The Company had an allowance for doubtful accounts of $78,000 at March 31, 2017 and December 31, 2016.  We make estimates of the collectability of our accounts receivable for services provided to our customers.  Management analyzes historical bad debts, customer concentrations, customer credit-worthiness, current economic trends and changes in customers’ payment trends when evaluating the adequacy of the allowance for doubtful accounts.  If the financial condition of our customers deteriorates, resulting in an impairment of their ability to make payments, additional allowances may be required.

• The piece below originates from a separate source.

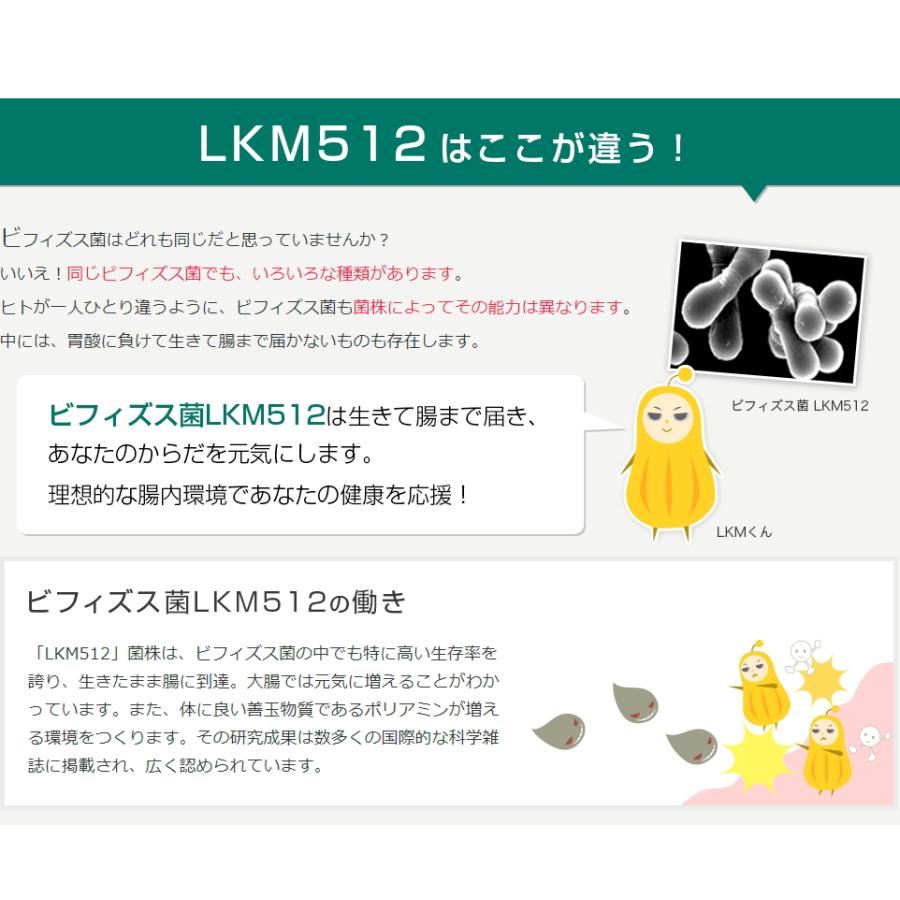 お得な6個組 ビフィズス菌 LKM512顆粒スティック 協同乳業（メイトー）腸内環境改善 腸内フローラ 善玉菌 サプリメント 機能性表示食品｜beenatural｜03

Workers’ compensation claims liabilities

Our workers’ compensation claims liabilities do not represent an exact calculation of liability but rather management’s best estimate, utilizing actuarial expertise and projection techniques, at a given reporting date. The estimated liability for open workers’ compensation claims is based on an evaluation of information provided by our internal claims adjusters and our third-party administrators for workers’ compensation claims, coupled with an actuarial estimate of future adverse loss development with respect to reported claims and incurred but not reported claims (together, “IBNR”). At March 31, 2017 and December 31, 2016, workers’ compensation claims liabilities included case reserve estimates for reported losses, plus additional amounts for estimated IBNR claims, MCC and legal costs, and unallocated loss adjustment expenses, including future administrative fees to be paid to third-party service providers. These estimates are reviewed at least quarterly and adjustments to estimated liabilities are reflected in current operating results as they become known.

10


 

The process of arriving at an estimate of unpaid claims and claims adjustment expense involves a high degree of judgment and is affected by both internal and external events, including changes in claims handling practices, changes in reserve estimation procedures, changes in individuals involved in the reserve estimation process, inflation, trends in the litigation and settlement of pending claims, and legislative changes.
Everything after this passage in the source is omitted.